Write down exactly what lies from the line containing "Woman Hiker Checking" to the end of the records, inclusive, and omit the pictures.

Caption-style text data
=== Section Start ===

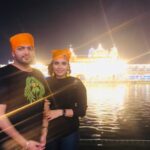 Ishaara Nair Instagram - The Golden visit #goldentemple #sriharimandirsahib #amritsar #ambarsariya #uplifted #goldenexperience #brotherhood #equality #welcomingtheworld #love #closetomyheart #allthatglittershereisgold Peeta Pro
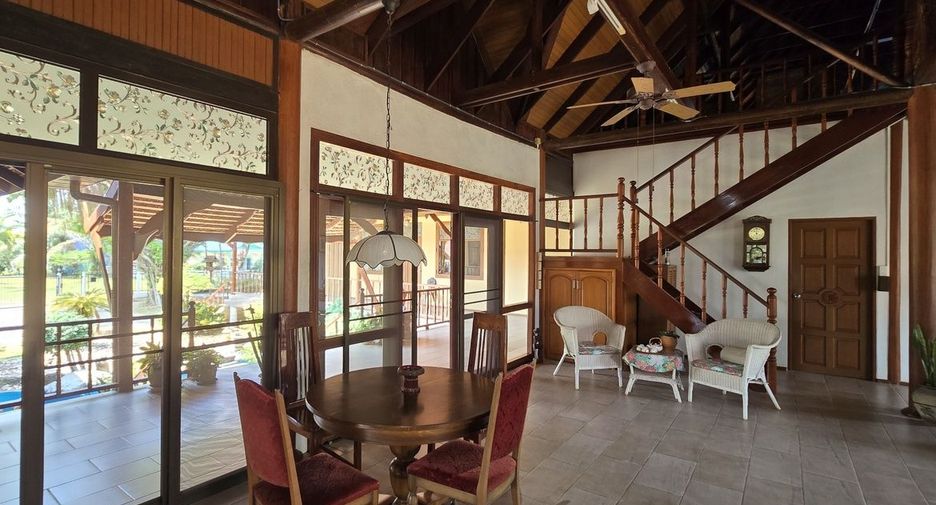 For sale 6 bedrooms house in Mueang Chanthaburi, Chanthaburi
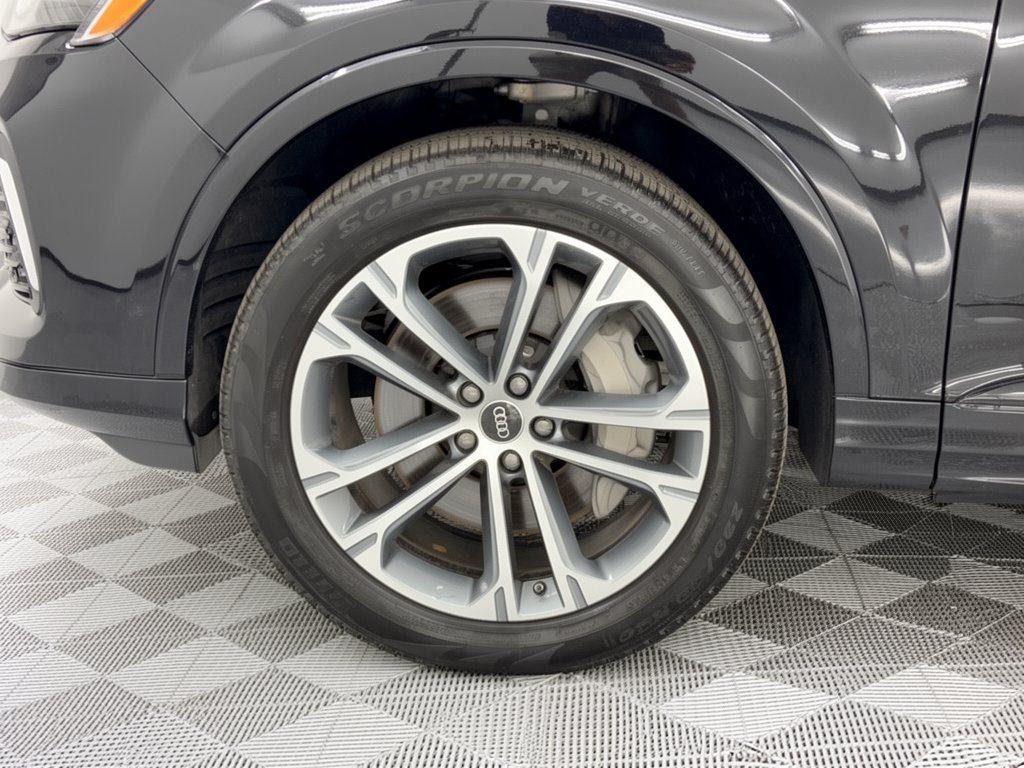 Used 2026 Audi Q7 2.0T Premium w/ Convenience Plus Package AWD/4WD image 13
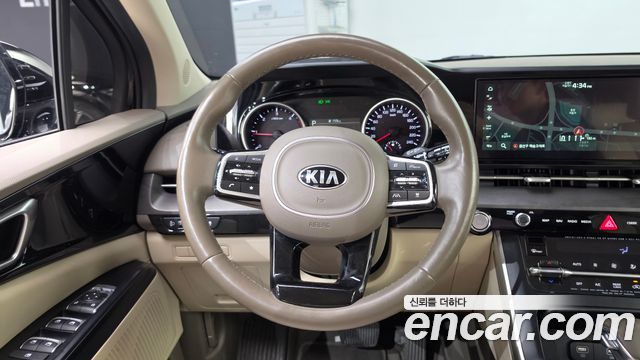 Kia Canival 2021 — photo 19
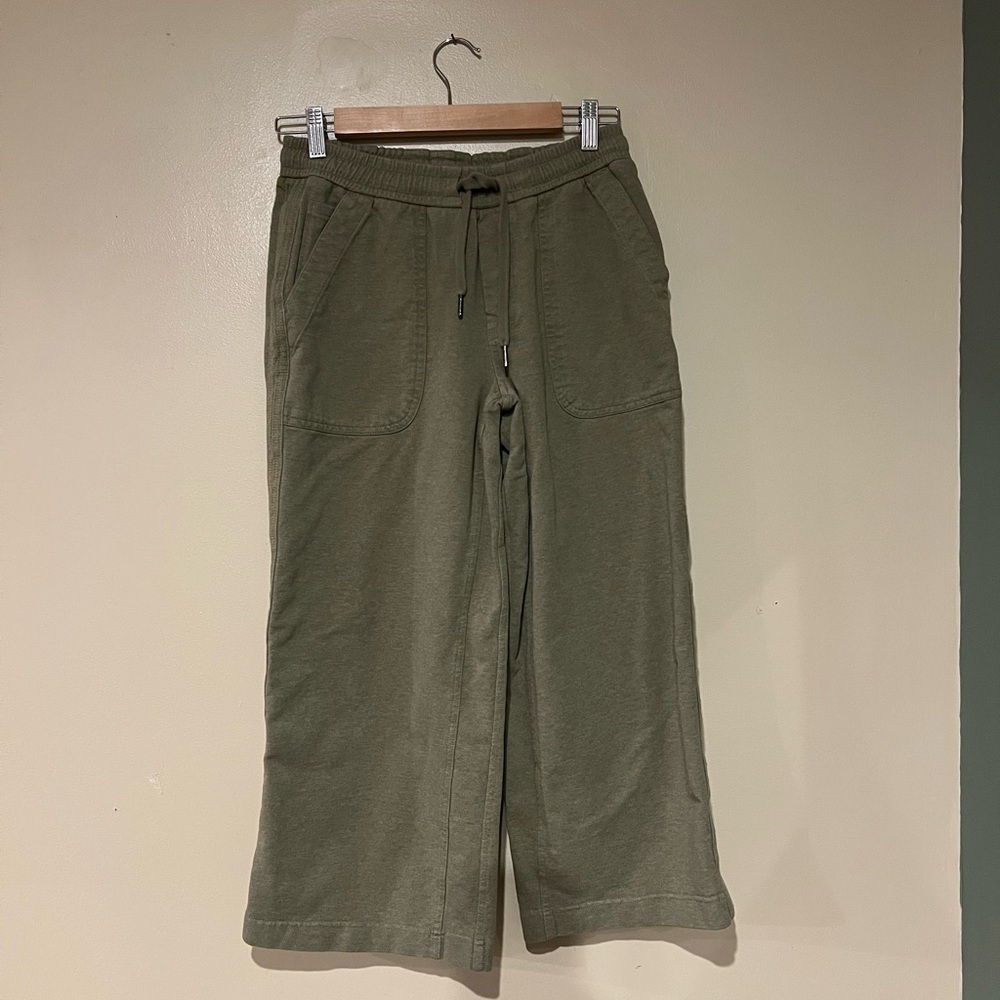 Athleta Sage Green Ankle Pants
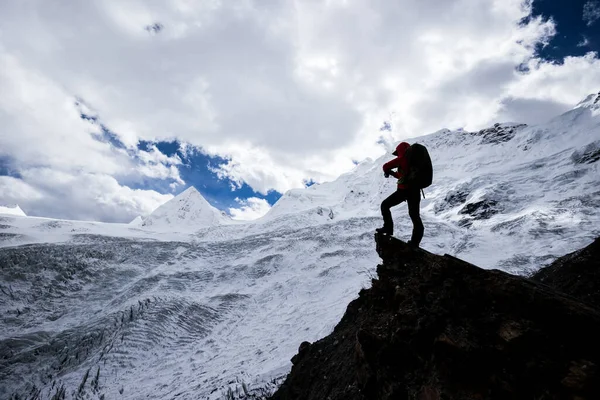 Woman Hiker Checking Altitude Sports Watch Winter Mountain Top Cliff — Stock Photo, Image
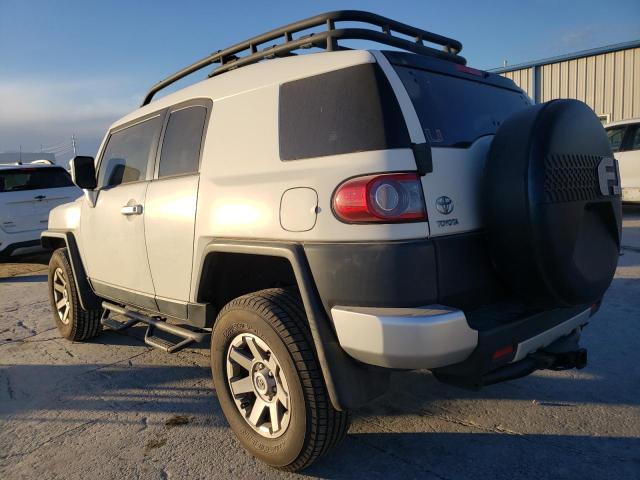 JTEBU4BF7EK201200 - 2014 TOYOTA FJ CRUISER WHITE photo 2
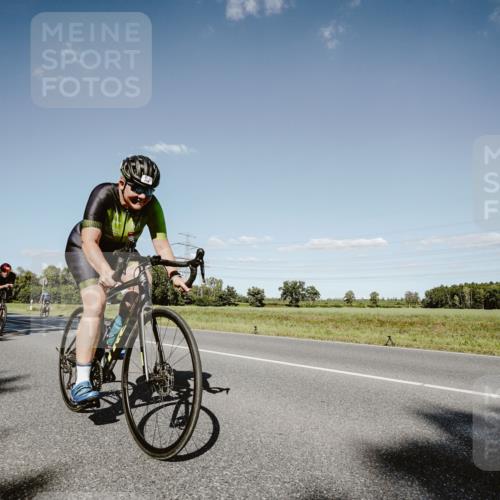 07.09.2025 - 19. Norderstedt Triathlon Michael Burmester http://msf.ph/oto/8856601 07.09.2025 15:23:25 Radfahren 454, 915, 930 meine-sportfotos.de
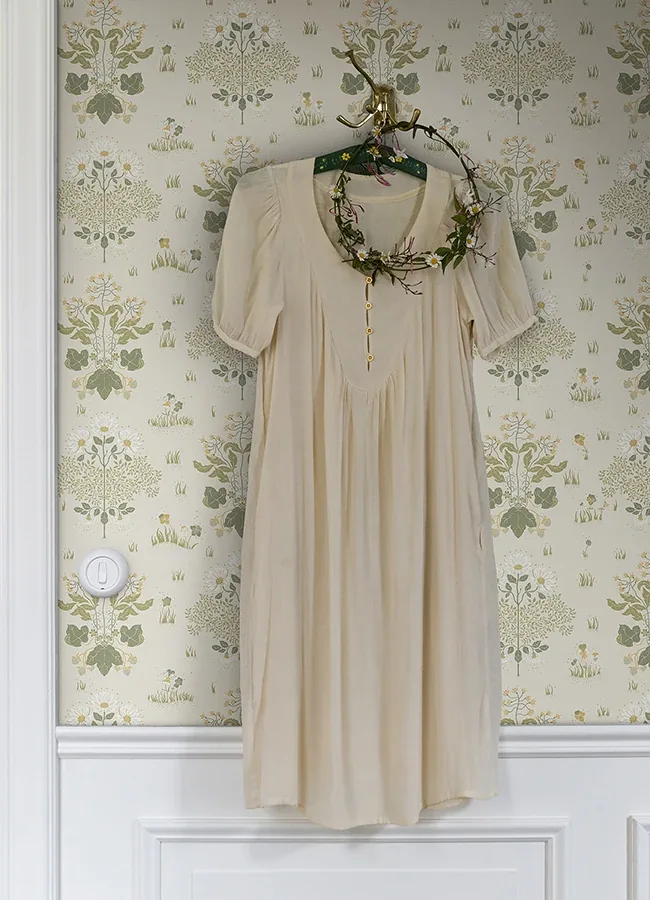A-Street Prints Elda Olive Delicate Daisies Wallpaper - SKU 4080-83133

=== Section End ===

> _EXERCISE SOLUTION_
 Woman Hiker Checking Altitude Sports Watch Winter Mountain Top Cliff — Stock Photo, Image
 JTEBU4BF7EK201200 - 2014 TOYOTA FJ CRUISER WHITE photo 2
 07.09.2025 - 19. Norderstedt Triathlon Michael Burmester http://msf.ph/oto/8856601 07.09.2025 15:23:25 Radfahren 454, 915, 930 meine-sportfotos.de
A-Street Prints Elda Olive Delicate Daisies Wallpaper - SKU 4080-83133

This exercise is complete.